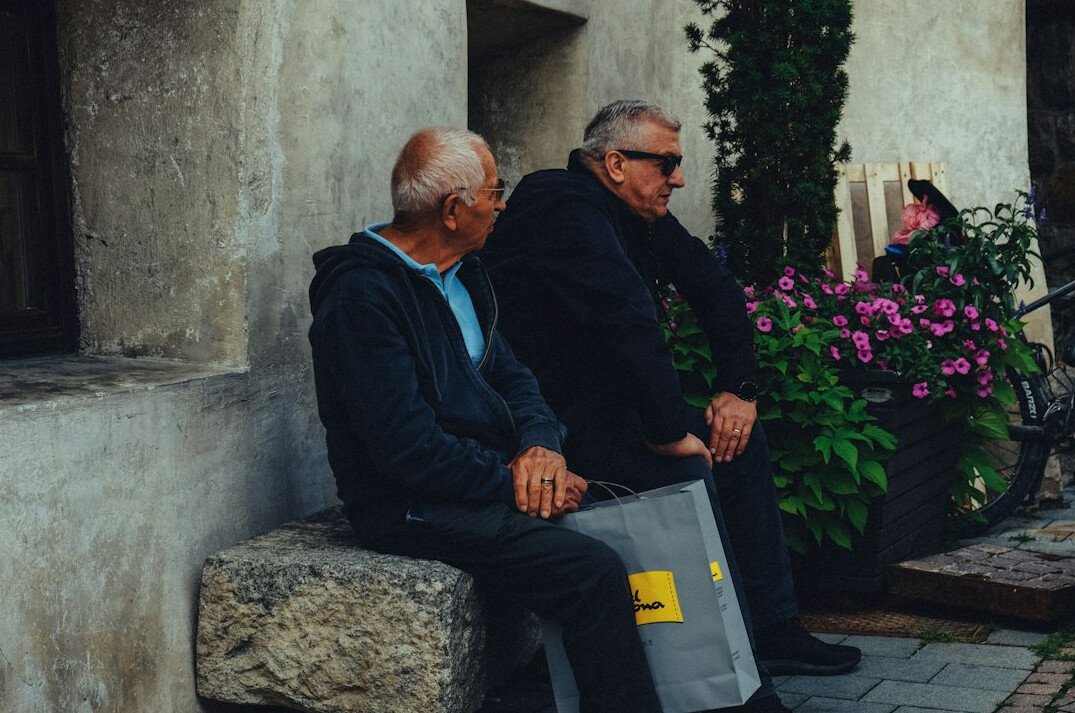 Senior couple sitting at a kitchen table looking at a laptop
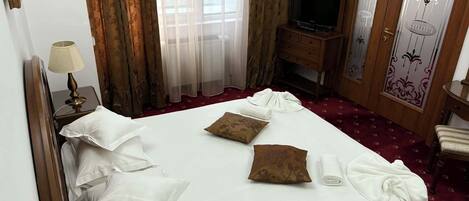 A hotel room with a bed, pillows, a TV, a lamp, a wardrobe, and a window with curtains.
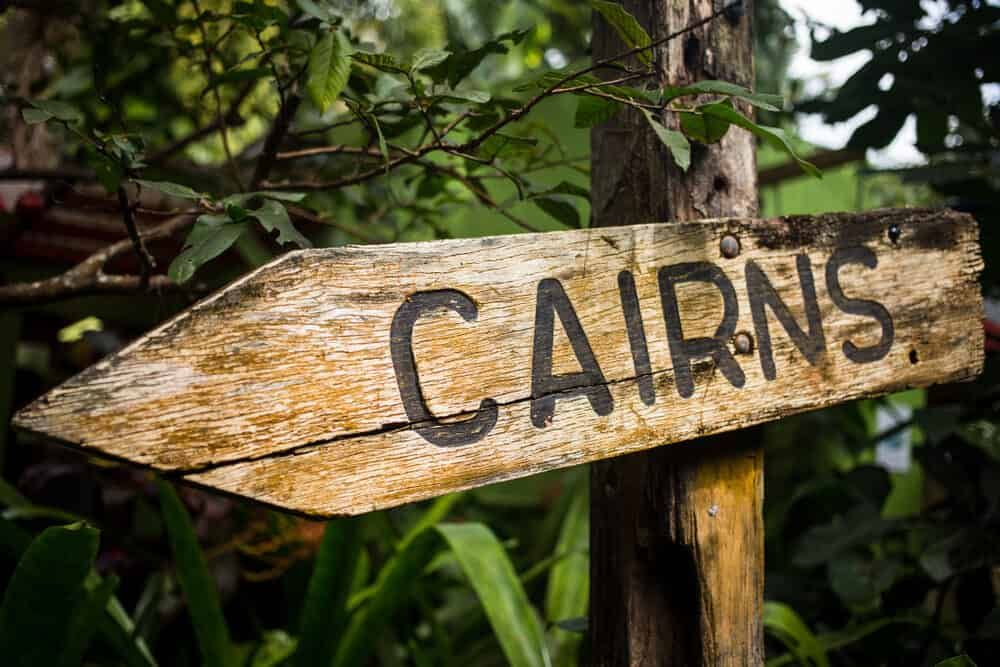 A Wooden Sign Pointing To Cairns Is Surrounded By Trees — FNQ Professional Cleaning Services In Cairns, QLD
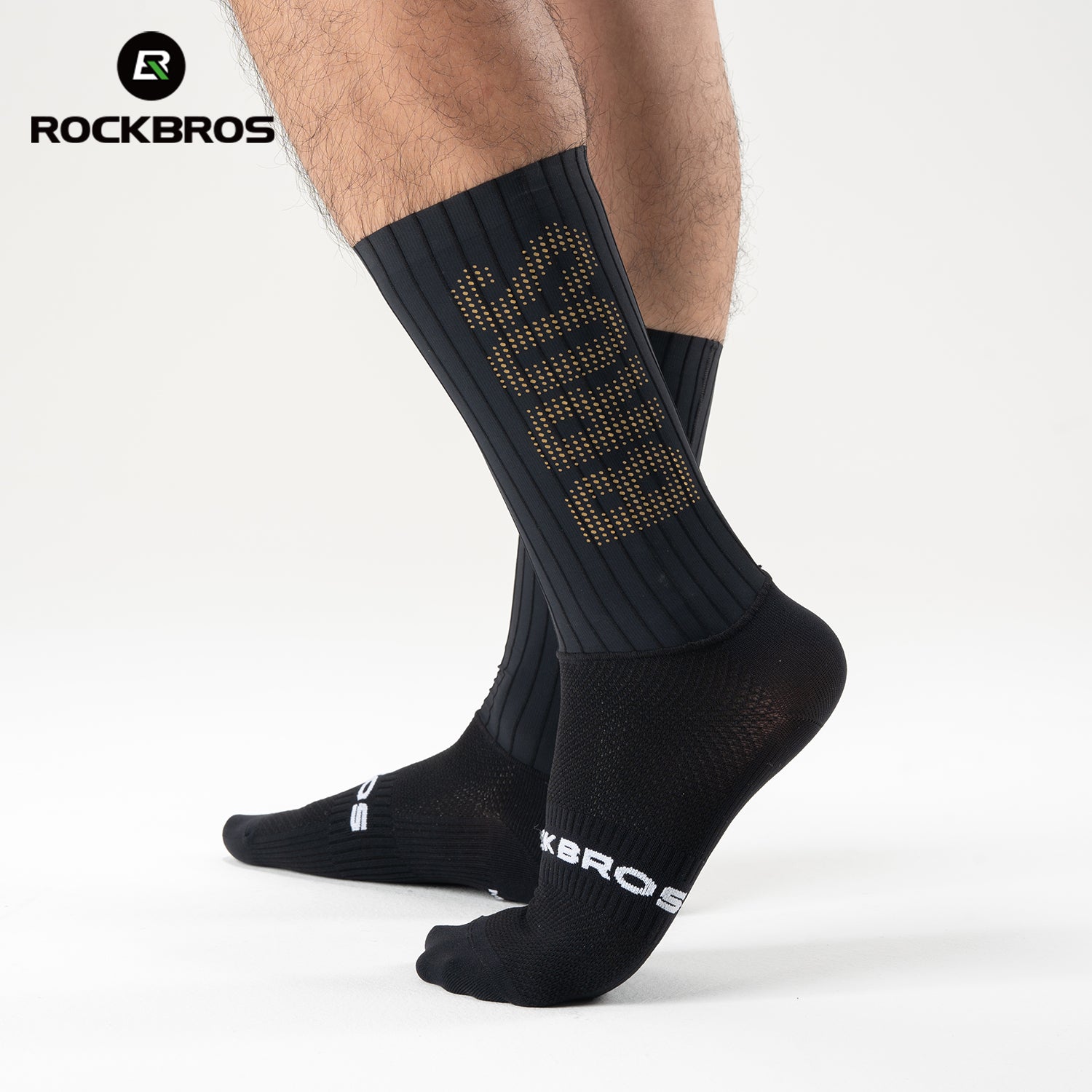 Black socks with gold text worn by a person on a white background, featuring the RockBros brand. #color_Black Stripes - Gold Label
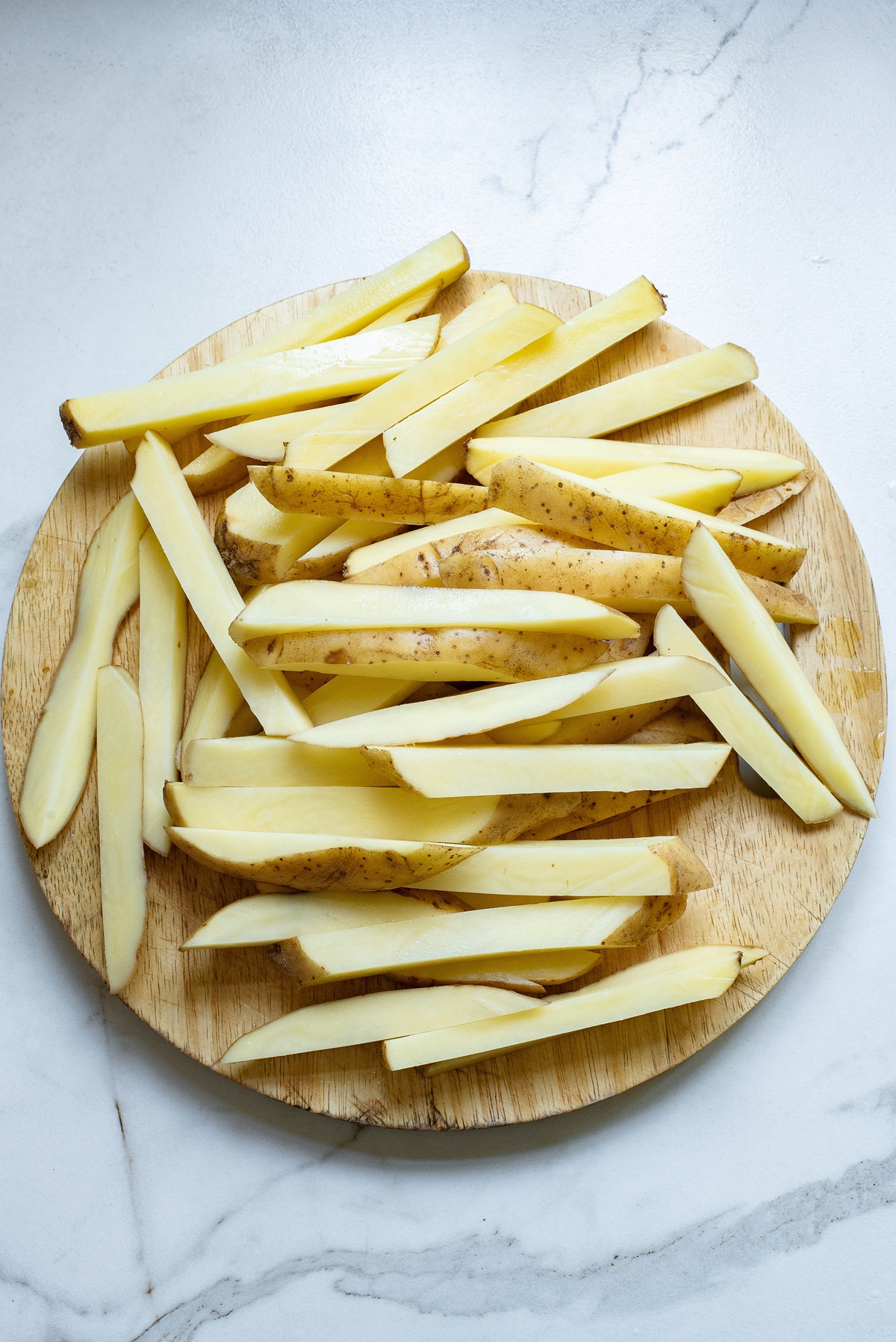 Sliced potatoes on a chopping board.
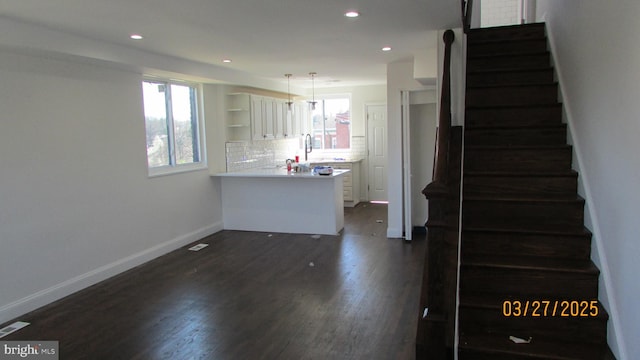 1261 Gallatin St NE, Washington, DC 20017 - staircase with baseboards, wood finished floors, recessed lighting, and a healthy amount of sunlight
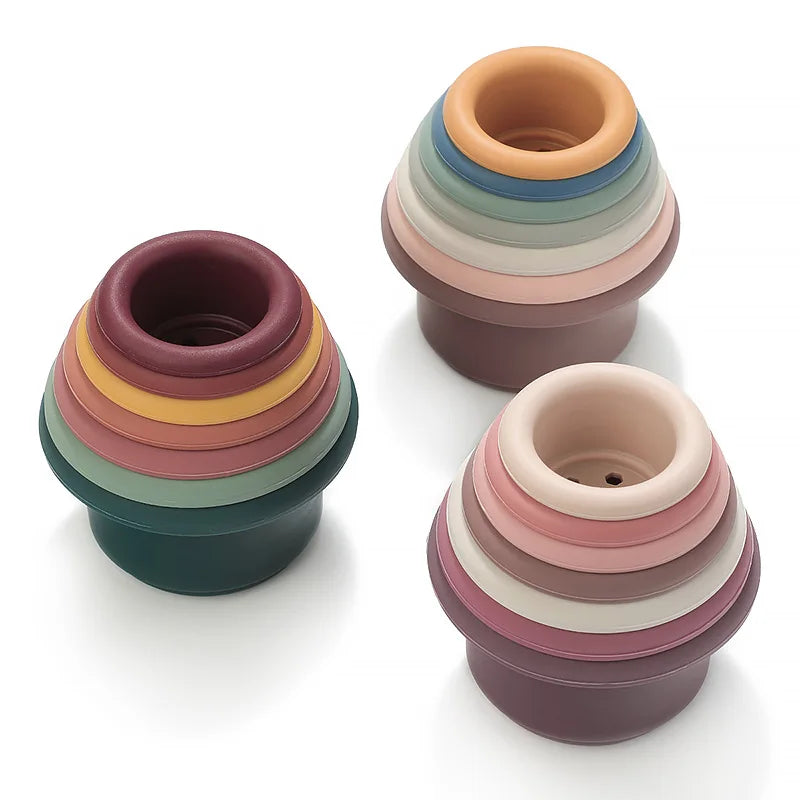A stack of five silicone cups in pastel and earthy tones, showing various shades of pink, green, and brown.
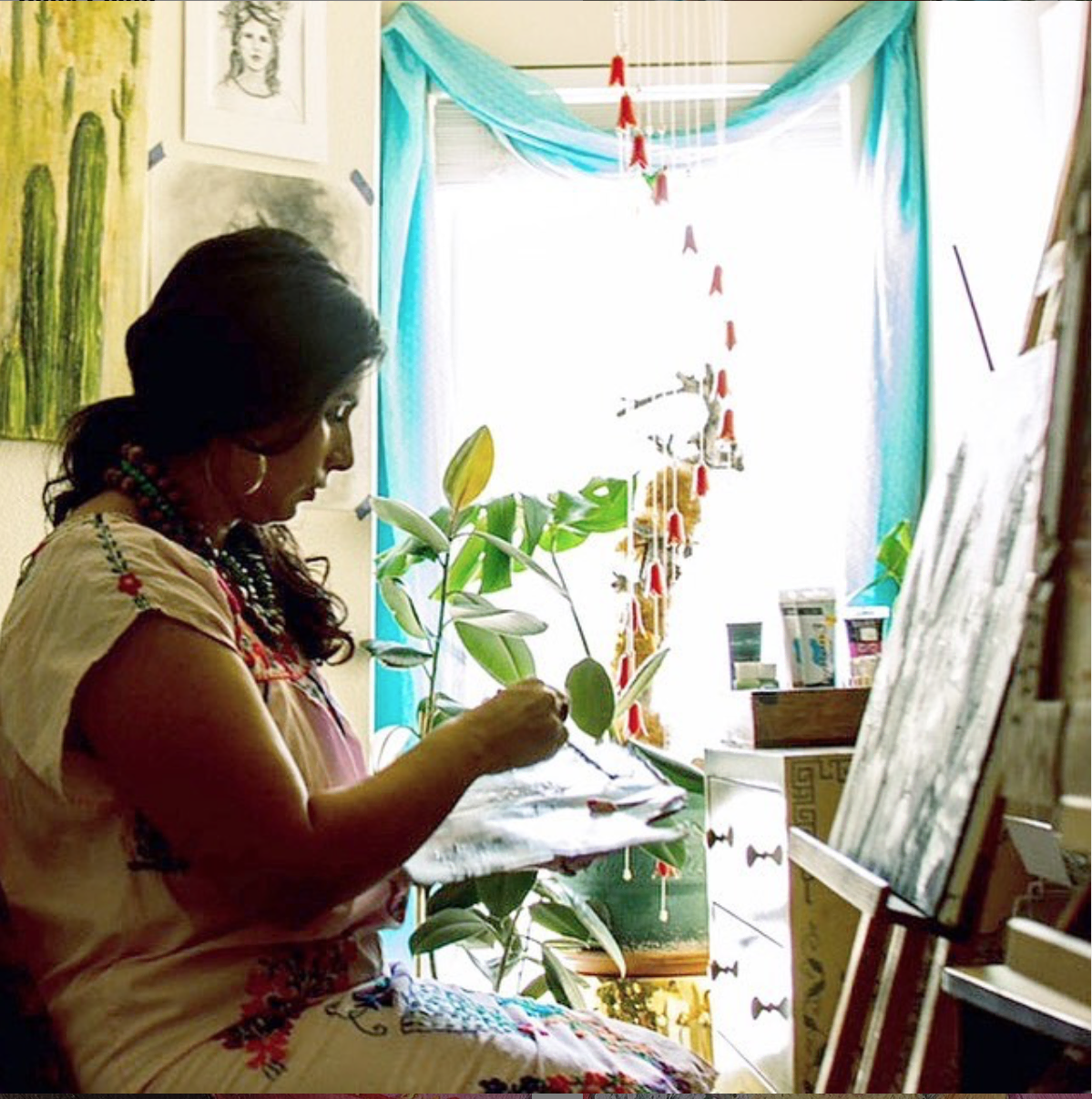 Michelle paints in a light filled room with plants around her. 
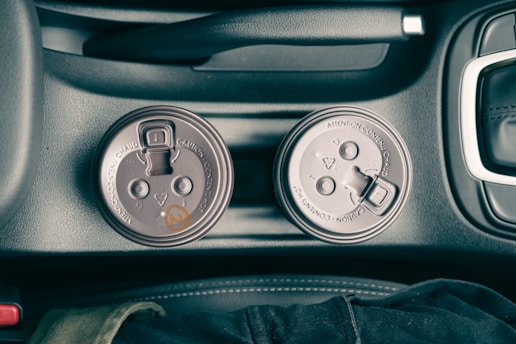 A portable USB bottle warmer placed in a car cup holder, ready for use.
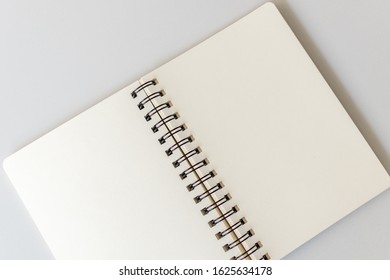 Close up shot of an open blank sketchbook placed on a light gray table.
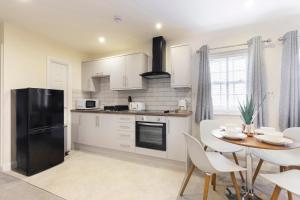 
a kitchen with a stove a refrigerator and a microwave at 2 Bedroom Town Centre Apartment in Cheltenham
-------------------------
### Assignment
How would the lines above read from the one with "1261 Gallatin St" to the one with "A stack of five", inclusive, with no pictures? Write them out exactly.

### Answer area
 1261 Gallatin St NE, Washington, DC 20017 - staircase with baseboards, wood finished floors, recessed lighting, and a healthy amount of sunlight
A stack of five silicone cups in pastel and earthy tones, showing various shades of pink, green, and brown.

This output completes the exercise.